To generate white light using an LED, use is made of, inter alia, so-termed phosphor coated LEDs (PC-LED). Such a phosphor-coated LED is an LED which has a phosphor coating over its radiation surface. Phosphor is not to be understood specifically as the chemical element, but rather more generally as a fluorescent material which, under the effect of light radiation of a certain wavelength, emits light of another wavelength. There are fluorescent materials which radiate yellow light on irradiation by blue light. In agreement with the color of the emitted light, they are called yellow phosphor. By using such LEDs, white light is obtained by applying a yellow phosphor layer to an LED radiating blue light. Said phosphor layer is to be dimensioned such that a part of the blue light from the LED passes through the phosphor layer unhindered and another part of the phosphor layer is converted into yellow light. The simultaneous radiation of blue and yellow light is perceived as white light by the user. Alternatively, there are LED elements which radiate UV light and are coated with a white phosphor layer. By a suitable selection of the type and thickness of the phosphor layer, PC LEDs can be manufactured that radiate also other colors.
A light source device, comprising a light-guide block in the form of a hollow body with reflective inner walls and a matrix-like arrangement of point light sources such as LED elements, is known from U.S. Pat. No. 6,547,400 B1. A major portion of the light beams radiated by the point light sources is introduced into the guide block and collimated there. A considerable part of the light beams radiated by the point light sources is, however, not collected by the light guide block. This reduces the light output of the device considerably.
U.S. Pat. No. 6,402,347 describes a device, in which individual LED elements are arranged on a common plate and each element is provided with a collimating attachment. Fresnel lenses connected to each respective LED element allow the radiation beam from each individual LED to be introduced into a common secondary optical system. The disadvantage of this system is the high losses, amounting to about 60%, caused by reflection at the different optical interfaces.
It is an object of the invention, therefore, to provide a device by means of which the light output per LED can be raised.
This object is achieved by a proposed LED lamp system that has at least one LED element for emission of light, a chamber and a collimator. It is assumed hereinbelow that the LEDs are inorganic solid bodies, because such LEDs with sufficient intensity are presently available. That notwithstanding, they can of course also be other electro-luminescent elements, e.g. laser diodes or other light emitting semiconductor elements or organic LEDs, so long as they have sufficiently high performance values. The term LED or LED element is therefore to be understood in this document as a synonym for every kind of corresponding electro-luminescent elements. The light can be IR or UV light, apart from the visible light.
The chamber of the LED lamp system according to the invention comprises inner side wall faces that are designed to be at least partially highly reflective, a light entrance face for the light emitted by the LED element into the chamber and an exit opening for the light radiated into the chamber and possibly reflected by the inner side wall faces.
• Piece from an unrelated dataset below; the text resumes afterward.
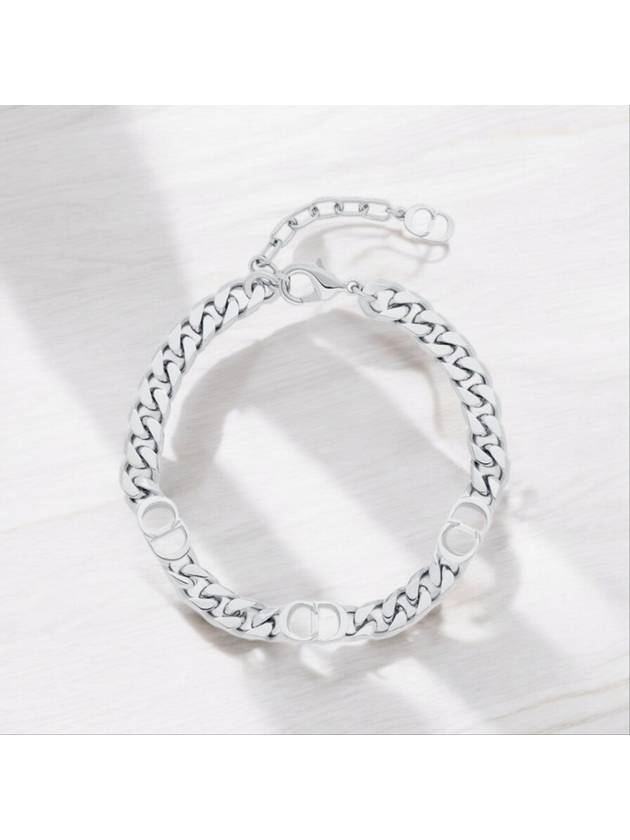 Icon Slim Chain Bracelet Silver - DIOR - BALAAN 4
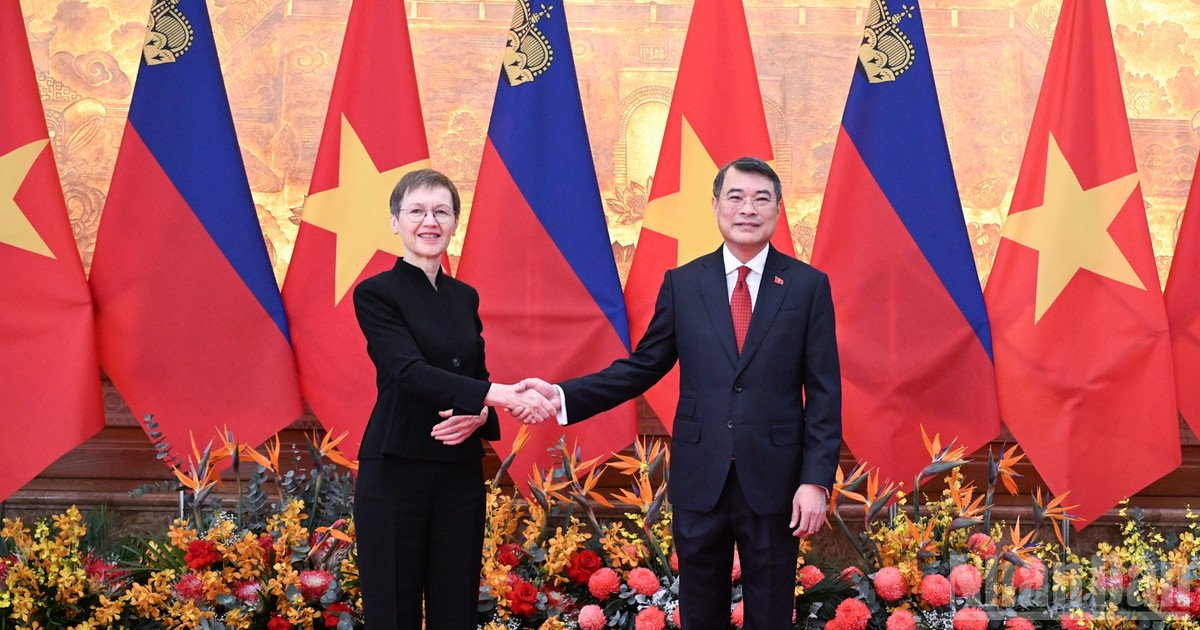 Thủ tướng Lê Minh Hưng chủ trì lễ đón Thủ tướng Công quốc Liechtenstein Brigitte Haas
The collimator is arranged at the exit opening of the chamber and has an outcoupling opening facing said exit opening. The light radiated by the LED element is radiated in a diffused form into the chamber at the entrance opening. The invention thus follows the principle of capturing the light radiated by the LED element as completely as possible and introducing it in collimated form into the collimator, in order to couple the radiation into secondary optics in a properly directed manner by using the collimator. The chamber is thus used to capture the diffusely radiated light and to emit it at the exit opening substantially without loss. The exit opening of the chamber will therefore generally be placed facing the light entrance face so that a large portion of the emitted light can be radiated out of the chamber directly and without reflection.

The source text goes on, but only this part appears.